When a config is exported we want to maintain forward and backward compatibility, to achieve this no fields should be exported but should instead be accessed by methods.
Optionally, it is common to include a newConfig
function (with the same
naming scheme). This function wraps any defaults setting and looping over
all options to create a configured config
.
// newConfig returns an appropriately configured config.

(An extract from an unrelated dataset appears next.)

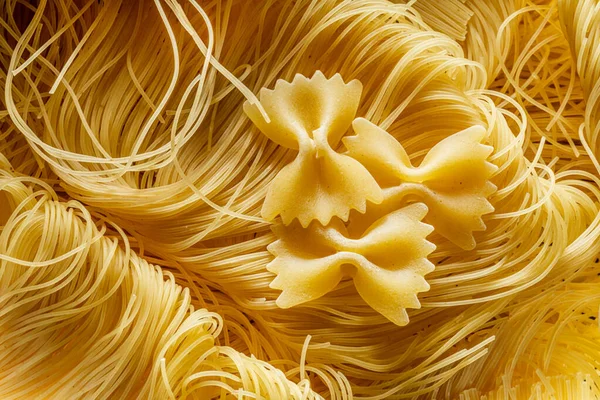 Italiaanse Pasta Vermicelli Farfalle Close Voedselachtergrond — Stockfoto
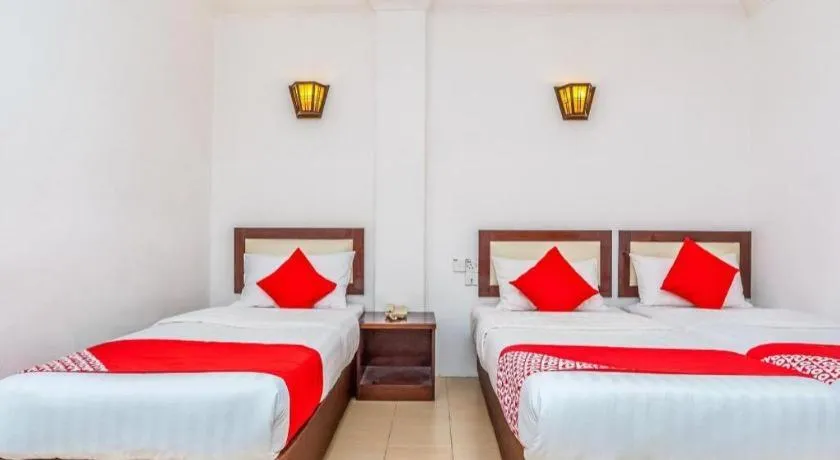 Bed in Super OYO 1114 Neo Pegasus Hotel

func newConfig(options ...Option) config {
// Set default values for config.
config := config{/* […] */}
for _, option := range options {
config = option.apply(config)
}
// Perform any validation here.
return config
}
If validation of the config
options is also performed this can return an
error as well that is expected to be handled by the instantiation function
or propagated to the user.
Given the design goal of not having the user need to work with the config
,
the newConfig
function should also be unexported.
To set the value of the options a config
contains, a corresponding
Option
interface type should be used.
type Option interface {
apply(config) config
}
Having apply
unexported makes sure that it will not be used externally.
Moreover, the interface becomes sealed so the user cannot easily implement
the interface on its own.
The apply
method should return a modified version of the passed config.
This approach, instead of passing a pointer, is used to prevent the config from being allocated to the heap.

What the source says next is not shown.